Looking at my instance, this is what I currently have:

postgres=# \l
                                                        List of databases
   Name    |  Owner   | Encoding | Locale Provider |   Collate   |    Ctype    | ICU Locale  | ICU Rules |   Access privileges   
-----------+----------+----------+-----------------+-------------+-------------+-------------+-----------+-----------------------
 postgres  | postgres | UTF8     | icu             | en_US.UTF-8 | en_US.UTF-8 | en-US-x-icu |           | 
 template0 | postgres | UTF8     | icu             | en_US.UTF-8 | en_US.UTF-8 | en-US-x-icu |           | =c/postgres          +
           |          |          |                 |             |             |             |           | postgres=CTc/postgres
 template1 | postgres | UTF8     | icu             | en_US.UTF-8 | en_US.UTF-8 | en-US-x-icu |           | =c/postgres          +
           |          |          |                 |             |             |             |           | postgres=CTc/postgres
(3 rows)

Checking how strings are sorted in this setup can easily be verified by creating a small table with a couple of rows:

postgres=# create table t ( a text );
CREATE TABLE
postgres=# insert into t values ('a'),('A'),('ii'),('II'),('*'),('1.1'),('-');
INSERT 0 7
postgres=# select * from t;
  a  
-----
 a
 A
 ii
 II
 *
 1.1
 -
(7 rows)

Sorting this right now gives the following result:

postgres=# select * from t order by 1;
  a  
-----
 -
 *
 1.1
 a
 A
 ii
 II
(7 rows)

Special characters come first, the number afterwards and characters last, lower case before upper case. What happens if we want to sort this with a Swiss/German locale? As mentioned in the previous post: If you want to use the locales provided by glibc, then those need to be installed on the operating system:

postgres=# \! locale -a | grep de_CH
de_CH.utf8
postgres=# select * from t order by a collate "de_CH.utf8";
  a  
-----
 *
 -
 1.1
 a
 A
 ii
 II
(7 rows)

This gives exactly the same result. What about “C” or “POSIX”?

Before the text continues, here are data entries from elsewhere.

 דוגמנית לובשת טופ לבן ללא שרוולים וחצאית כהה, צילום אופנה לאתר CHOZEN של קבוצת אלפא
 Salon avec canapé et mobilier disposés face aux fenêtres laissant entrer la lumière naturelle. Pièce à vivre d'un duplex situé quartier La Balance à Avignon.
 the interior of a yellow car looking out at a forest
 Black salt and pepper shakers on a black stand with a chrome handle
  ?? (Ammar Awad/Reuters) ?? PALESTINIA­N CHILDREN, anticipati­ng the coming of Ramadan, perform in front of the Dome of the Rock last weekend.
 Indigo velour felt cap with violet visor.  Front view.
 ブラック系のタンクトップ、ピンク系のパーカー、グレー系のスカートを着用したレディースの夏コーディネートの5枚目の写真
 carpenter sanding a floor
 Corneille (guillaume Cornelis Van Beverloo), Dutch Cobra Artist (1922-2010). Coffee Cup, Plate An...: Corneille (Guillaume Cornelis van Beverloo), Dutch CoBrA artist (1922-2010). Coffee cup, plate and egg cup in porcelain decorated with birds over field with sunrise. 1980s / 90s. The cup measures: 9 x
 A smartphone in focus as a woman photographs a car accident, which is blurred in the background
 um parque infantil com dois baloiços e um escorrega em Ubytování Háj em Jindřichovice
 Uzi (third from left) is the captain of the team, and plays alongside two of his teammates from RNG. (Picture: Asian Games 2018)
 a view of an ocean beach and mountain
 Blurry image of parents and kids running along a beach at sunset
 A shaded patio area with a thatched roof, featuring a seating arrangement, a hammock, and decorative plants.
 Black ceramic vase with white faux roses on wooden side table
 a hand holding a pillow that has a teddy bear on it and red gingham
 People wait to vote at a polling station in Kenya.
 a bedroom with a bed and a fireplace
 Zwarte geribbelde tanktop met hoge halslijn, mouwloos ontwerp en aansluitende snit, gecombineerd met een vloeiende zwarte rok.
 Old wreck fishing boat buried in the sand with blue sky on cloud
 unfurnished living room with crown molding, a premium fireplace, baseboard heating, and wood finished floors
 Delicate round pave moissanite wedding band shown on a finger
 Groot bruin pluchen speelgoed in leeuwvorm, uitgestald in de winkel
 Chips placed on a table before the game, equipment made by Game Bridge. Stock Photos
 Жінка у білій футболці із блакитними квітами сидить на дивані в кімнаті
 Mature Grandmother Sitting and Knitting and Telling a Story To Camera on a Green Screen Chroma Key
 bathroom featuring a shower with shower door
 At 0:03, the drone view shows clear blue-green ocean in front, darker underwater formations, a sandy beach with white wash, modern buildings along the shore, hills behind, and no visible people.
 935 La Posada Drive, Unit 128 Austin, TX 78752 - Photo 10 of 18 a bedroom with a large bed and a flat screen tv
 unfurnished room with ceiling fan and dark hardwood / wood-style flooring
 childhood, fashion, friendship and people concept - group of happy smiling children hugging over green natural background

postgres=# select * from t order by a collate "POSIX";
  a  
-----
 *
 -
 1.1
 A
 II
 a
 ii
(7 rows)

Now upper case characters sort before lower characters and the order is not anymore the same. You can also use the ICU collations listed in pg_collation:

postgres=# select * from t order by a collate "de-BE-x-icu";
  a  
-----
 -
 *
 1.1
 a
 A
 ii
 II
(7 rows)

To summarize this: Depending on how you want to have your strings sorted, you need to use the correct collation for this. Not all languages follow the same rules and if you want to support multiple languages things might become a bit more tricky.